Nestle, in her seventy-five years, has been an activist, a writer, an historian, an archivist. She is a self-described “queer, pre-Stonewall fem [sic]” for whom “sex and politics are inseparable,” each informing “the other; passions spilling over into social visions; social visions carried on every entry” (Nestle, xii). Nestle actively defended femme-butch relationships and gender identities at a time when there was no space or tolerance to do so in mainstream America. She fought on behalf of and alongside Black Americans during the Civil Rights Movement, stood up for her community of working class lesbians, and was actively pro-sex during the sex wars of the 1980s.
Nestle even took on history itself, writing of how history is “a place where the body carries its own story” (Nestle, xv).
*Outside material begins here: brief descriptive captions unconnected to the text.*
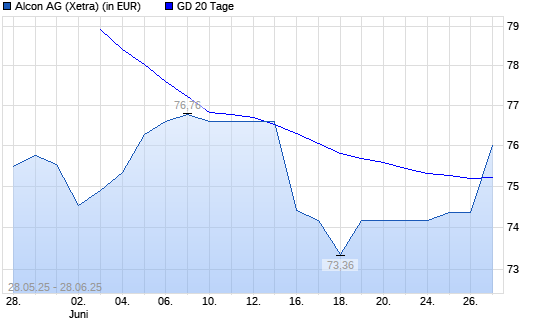 Alcon-Aktie über 20-Tage-Linie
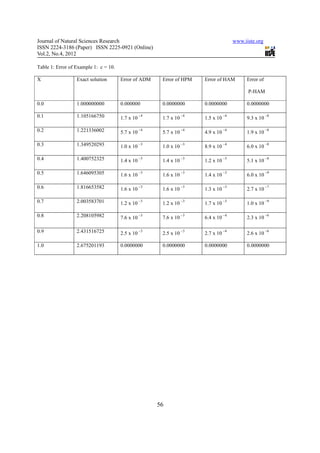 Journal of Natural Sciences Research                                                    www.iiste.org
ISSN 2224-3186 (Paper) ISSN 2225-0921 (Online)
Vol.2, No.4, 2012

Table 1: Error of Example 1: c = 10.

X                 Exact solution       Error of ADM     Error of HPM    Error of HAM          Error of

                                                                                              P-HAM

0.0               1.000000000          0.000000         0.0000000       0.0000000             0.0000000

0.1               1.105166750                     −4               −4              −4                    −8
                                       1.7 x 10         1.7 x 10        1.5 x 10              9.3 x 10

0.2               1.221336002                     −4               −4              −4                    −8
                                       5.7 x 10         5.7 x 10        4.9 x 10              1.9 x 10

0.3               1.349520293                     −3               −3              −4                    −8
                                       1.0 x 10         1.0 x 10        8.9 x 10              6.0 x 10

0.4               1.400752325                     −3               −3              −3                    −8
                                       1.4 x 10         1.4 x 10        1.2 x 10              5.1 x 10

0.5               1.646095305                     −3               −3              −3                    −9
                                       1.6 x 10         1.6 x 10        1.4 x 10              6.0 x 10

0.6               1.816653582                     −3               −3              −3                    −7
                                       1.6 x 10         1.6 x 10        1.3 x 10              2.7 x 10

0.7               2.003583701                     −3               −3              −3                    −9
                                       1.2 x 10         1.2 x 10        1.7 x 10              1.0 x 10

0.8               2.208105982                     −3               −3              −4                    −6
                                       7.6 x 10         7.6 x 10        6.4 x 10              2.3 x 10

0.9               2.431516725                     −3               −3              −4                    −6
                                       2.5 x 10         2.5 x 10        2.7 x 10              2.6 x 10

1.0               2.675201193          0.0000000        0.0000000       0.0000000             0.0000000




                                                       56
 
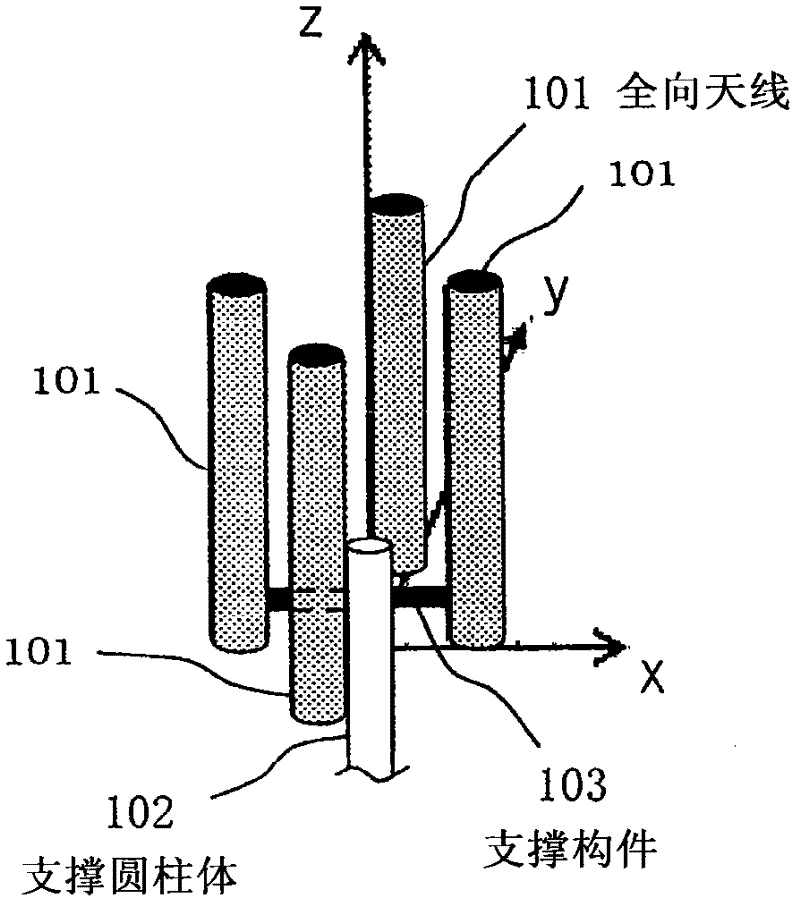 Antenna device and multi-antenna system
She wrote herself and her communities into American history through her writing and teaching, claiming erotic writing as “a documentary [as much] as any biographical display,” a “people’s most private historic territory” (Nestle, xvi). Her writing did not, however, go without controversy, leading to her books being banned at various times and places during the sex wars and afterwards. Alongside her writing, she helped found and curate the United States’s oldest and largest lesbian archival collection, the Lesbian Herstory Archives (which were housed in her New York City apartment for decades).
Nestle is most definitely worthy of the title of Historical Hottie. We here at the Blog tip our proverbial hats to her beautiful spirit.
Nestle, Joan. A Restricted Country. San Francisco: Cleis Press Inc., 2003.